Dans un message adressé au peuple libanais à l’occasion de la fête de Noël, le patriarche maronite a mis en garde contre "un plan visant le Liban" avec pour objectif de "créer une vacance à la première magistrature conjuguée à une vacance constitutionnelle".

Le patriarche maronite, le cardinal Béchara Raï, a mis en garde samedi contre "un plan visant le Liban". "Toutes les données politiques montrent qu’il existe un plan contre le Liban visant à créer une vacance à la première magistrature conjuguée à une vacance constitutionnelle, ce qui complique encore plus l’élection d’un président", a constaté Mgr Raï, affirmant que "la priorité est à l’élection d’un président de la République".

"Certaines parties politiques n’ont-elles pas entravé la formation d’un gouvernement avant la fin du sexennat de Michel Aoun, bien qu’elles étaient conscientes du fait que le gouvernement actuel était démissionnaire et ne peut qu’expédier les affaires courantes, ce qui n’allait pas manquer de rendre son rôle problématique?" s’est interrogé Mgr Raï, dans une allusion à peine voilée à l’attitude obstructionniste du chef du Courant patriotique libre, Gebran Bassil. "Un blocage délibéré de l’élection du président a été provoqué pour que le Liban soit dépourvu de tout pouvoir légal, a-t-il ajouté dans un message adressé aux Libanais à l’occasion de la fête de Noël. Nous demandons aux commanditaires de ce plan, que voulez-vous? Pourquoi voulez-vous vous venger du Liban? Pourquoi voulez-vous détruire l’État libanais?"

"Quoi qu’il en soit, la priorité reste à l’élection d’un président, a encore insisté Mgr Raï. Il n’existe pas un pays dans le monde sans président. Ceux qui empêchent l’élection d’un président pour tout le Liban empêchent la résurrection du Liban." Et d’affirmer que "le patriarcat maronite est déterminé à poursuivre son combat au Liban et auprès des communautés arabe et internationale pour accélérer" l’élection d’un chef de l’État. Mais, a-t-il souligné, "les conflits régionaux entravent ces efforts, parce que certaines parties veulent un président qui serve leurs intérêts et leur projet, et non ceux du Liban". "Ce que nous ne permettrons pas, parce que le Liban n’est pas la propriété d’une faction", a encore martelé Mgr Raï, dans une allusion au Hezbollah

Résister dans l’espérance

Mgr Raï s’en est par ailleurs pris aux hommes politiques qui ont "déçu" la population. "Notre peuple vit dans la détresse à tous les niveaux, matériel, moral et spirituel" et "en veut aux responsables politiques, notamment à ceux qui ont pillé son argent et en fassent assumer la responsabilité à d’autres, mais aussi à ceux qui privent notre État d’un président à des fins personnelles, communautaires et étrangères", a-t-il poursuivi. "Tout cela nous pousse à résister dans l’espérance", a noté Mgr Raï.

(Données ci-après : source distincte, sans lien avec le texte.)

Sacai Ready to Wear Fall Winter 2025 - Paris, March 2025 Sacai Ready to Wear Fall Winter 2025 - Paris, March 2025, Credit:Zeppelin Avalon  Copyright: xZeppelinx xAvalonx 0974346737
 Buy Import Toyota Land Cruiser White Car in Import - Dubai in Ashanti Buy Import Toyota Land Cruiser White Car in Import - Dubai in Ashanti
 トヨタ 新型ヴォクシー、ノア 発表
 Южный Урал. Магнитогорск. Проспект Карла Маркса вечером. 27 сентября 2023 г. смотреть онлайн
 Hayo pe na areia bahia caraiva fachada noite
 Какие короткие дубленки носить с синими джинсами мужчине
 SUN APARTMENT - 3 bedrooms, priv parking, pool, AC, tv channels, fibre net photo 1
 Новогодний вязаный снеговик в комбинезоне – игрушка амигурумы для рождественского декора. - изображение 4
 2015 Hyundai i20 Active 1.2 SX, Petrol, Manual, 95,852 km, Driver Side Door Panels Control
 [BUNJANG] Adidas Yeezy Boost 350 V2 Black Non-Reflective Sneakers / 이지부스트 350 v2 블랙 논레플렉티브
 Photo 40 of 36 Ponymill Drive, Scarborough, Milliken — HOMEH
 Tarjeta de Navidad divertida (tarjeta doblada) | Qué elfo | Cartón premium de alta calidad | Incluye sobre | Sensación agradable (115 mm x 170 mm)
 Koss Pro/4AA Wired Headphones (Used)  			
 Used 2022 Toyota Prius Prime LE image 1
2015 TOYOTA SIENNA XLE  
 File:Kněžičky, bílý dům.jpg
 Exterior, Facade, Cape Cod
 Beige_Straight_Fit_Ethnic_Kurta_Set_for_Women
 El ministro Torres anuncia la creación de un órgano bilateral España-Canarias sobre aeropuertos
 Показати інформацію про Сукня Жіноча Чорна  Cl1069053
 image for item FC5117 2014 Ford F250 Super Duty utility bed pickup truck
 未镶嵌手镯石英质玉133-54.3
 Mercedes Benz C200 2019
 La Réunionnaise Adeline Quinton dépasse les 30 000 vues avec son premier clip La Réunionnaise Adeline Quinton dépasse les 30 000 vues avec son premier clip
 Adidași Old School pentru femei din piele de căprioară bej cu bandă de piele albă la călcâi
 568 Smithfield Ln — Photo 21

Le patriarche a par ailleurs critiqué les responsables qui laissent le peuple à son propre compte, alors que la crise économique ne fait qu’empirer. "L’enquête dans l’explosion au port" de Beyrouth, le 4 août 2020, "attend l’appareil judiciaire, et la justice attend la fin des tiraillements politiques et sectaires", a-t-il dénoncé. Et de poursuivre: "Un crime politique a été commis dans le village du Liban-Sud, al-Aqabiya, et un Casque bleu irlandais a été assassiné, comme s’il s’agissait d’un incident isolé. Dans les prisons libanaises, des détenus des différentes communautés attendent d’être jugés et dans les tribunaux des dossiers sont empilés depuis des années, alors les juges font la grève et les responsables politiques n’en ont cure."

Pour le patriarche, la crise actuelle qu’endurent les Libanais est "différente des précédentes", en ce sens qu’elle puise sa source en dehors du Liban et de la légalité. "Ceux qui rejettent le système, l’identité et les spécificités du Liban ne présentent aucun projet constitutionnel qui dévoile leurs intentions", a lancé Mgr Raï. Et de conclure: "Les informations rapportées au sujet de leur projet ne sont pas conformes aux composantes libanaises et ne tiennent compte que de leurs propres intérêts. Aucune partie n’a présenté un projet national plus propice que le projet libanais. Si nous insistons pour la tenue d’une conférence internationale pour le Liban sous le parrainage des Nations unies et les pays amis, c’est pour garder le Liban à l’abri des conflits armés, mais aussi parce que nous avons perdu espoir dans les responsables libanais."